PROBLEM REQUIREMENTS — Scan the material for the word "clip", and copy each line where it shows up.

INFORMATION SHOWN —
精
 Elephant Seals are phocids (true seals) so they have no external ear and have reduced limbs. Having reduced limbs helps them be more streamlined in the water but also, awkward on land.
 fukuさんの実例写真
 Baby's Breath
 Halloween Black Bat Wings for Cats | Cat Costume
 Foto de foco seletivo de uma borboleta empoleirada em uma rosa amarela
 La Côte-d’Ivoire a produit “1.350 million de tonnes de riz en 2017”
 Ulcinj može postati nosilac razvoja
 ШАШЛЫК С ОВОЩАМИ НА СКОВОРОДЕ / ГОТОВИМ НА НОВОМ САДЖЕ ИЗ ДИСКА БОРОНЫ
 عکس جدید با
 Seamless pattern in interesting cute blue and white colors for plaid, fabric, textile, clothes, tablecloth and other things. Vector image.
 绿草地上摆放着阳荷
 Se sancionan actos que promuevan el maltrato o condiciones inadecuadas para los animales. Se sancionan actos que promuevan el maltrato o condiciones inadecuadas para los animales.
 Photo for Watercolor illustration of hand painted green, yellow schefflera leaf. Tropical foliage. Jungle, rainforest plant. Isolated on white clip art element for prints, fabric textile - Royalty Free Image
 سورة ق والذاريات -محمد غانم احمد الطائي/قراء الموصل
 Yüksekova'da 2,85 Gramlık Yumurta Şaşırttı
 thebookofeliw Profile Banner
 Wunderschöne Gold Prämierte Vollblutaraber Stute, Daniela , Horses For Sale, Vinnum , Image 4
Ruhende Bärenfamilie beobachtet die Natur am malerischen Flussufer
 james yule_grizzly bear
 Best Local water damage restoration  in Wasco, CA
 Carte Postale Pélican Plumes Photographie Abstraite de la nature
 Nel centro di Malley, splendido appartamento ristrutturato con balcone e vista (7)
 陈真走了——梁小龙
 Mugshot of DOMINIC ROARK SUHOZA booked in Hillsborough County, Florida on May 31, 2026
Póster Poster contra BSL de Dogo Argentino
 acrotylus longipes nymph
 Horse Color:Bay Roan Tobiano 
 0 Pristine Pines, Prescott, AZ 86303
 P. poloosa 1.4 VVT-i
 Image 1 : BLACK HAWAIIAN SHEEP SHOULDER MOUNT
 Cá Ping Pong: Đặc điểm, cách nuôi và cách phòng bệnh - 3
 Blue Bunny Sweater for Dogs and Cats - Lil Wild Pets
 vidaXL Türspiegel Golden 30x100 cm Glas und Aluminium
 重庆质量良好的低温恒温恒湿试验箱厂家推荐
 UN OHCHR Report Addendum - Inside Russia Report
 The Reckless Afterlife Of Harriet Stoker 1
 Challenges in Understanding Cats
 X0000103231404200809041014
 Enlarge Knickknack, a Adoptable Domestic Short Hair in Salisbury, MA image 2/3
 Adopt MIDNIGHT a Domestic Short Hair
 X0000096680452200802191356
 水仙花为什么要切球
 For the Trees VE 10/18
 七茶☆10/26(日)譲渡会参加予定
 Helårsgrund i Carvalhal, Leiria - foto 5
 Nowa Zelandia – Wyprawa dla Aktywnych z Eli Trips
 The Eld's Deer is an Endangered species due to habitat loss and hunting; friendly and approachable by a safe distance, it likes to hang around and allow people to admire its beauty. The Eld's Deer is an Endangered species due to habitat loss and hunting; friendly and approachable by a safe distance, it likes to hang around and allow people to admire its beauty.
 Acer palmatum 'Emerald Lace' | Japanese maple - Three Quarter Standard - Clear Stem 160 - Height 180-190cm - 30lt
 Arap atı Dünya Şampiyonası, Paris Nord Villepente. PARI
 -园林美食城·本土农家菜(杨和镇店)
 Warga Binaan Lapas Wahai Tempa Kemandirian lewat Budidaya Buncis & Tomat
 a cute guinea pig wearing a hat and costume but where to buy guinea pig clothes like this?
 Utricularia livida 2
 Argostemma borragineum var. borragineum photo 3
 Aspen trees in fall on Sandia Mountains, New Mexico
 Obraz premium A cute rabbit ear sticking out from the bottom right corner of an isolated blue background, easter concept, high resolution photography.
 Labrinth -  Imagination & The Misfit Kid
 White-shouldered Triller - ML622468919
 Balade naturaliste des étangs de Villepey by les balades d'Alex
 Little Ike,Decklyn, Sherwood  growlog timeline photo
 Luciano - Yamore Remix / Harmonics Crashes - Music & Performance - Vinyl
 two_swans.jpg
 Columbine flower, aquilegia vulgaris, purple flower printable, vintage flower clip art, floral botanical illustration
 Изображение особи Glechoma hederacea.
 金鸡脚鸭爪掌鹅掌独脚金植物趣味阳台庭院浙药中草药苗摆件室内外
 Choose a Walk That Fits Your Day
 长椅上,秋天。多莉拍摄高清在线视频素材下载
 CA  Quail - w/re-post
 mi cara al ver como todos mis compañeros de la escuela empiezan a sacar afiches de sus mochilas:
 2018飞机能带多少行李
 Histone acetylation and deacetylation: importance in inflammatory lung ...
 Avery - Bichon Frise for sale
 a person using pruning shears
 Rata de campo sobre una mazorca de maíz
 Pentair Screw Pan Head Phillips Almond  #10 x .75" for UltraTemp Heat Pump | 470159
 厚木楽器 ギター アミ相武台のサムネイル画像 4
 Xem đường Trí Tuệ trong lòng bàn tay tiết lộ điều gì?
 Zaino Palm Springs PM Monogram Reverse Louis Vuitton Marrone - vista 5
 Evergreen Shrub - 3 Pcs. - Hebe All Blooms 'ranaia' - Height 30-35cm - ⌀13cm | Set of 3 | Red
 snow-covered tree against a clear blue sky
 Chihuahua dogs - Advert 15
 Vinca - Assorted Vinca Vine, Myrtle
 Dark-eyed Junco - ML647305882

SOLUTION TO THE EXERCISE —
 Photo for Watercolor illustration of hand painted green, yellow schefflera leaf. Tropical foliage. Jungle, rainforest plant. Isolated on white clip art element for prints, fabric textile - Royalty Free Image
 Columbine flower, aquilegia vulgaris, purple flower printable, vintage flower clip art, floral botanical illustration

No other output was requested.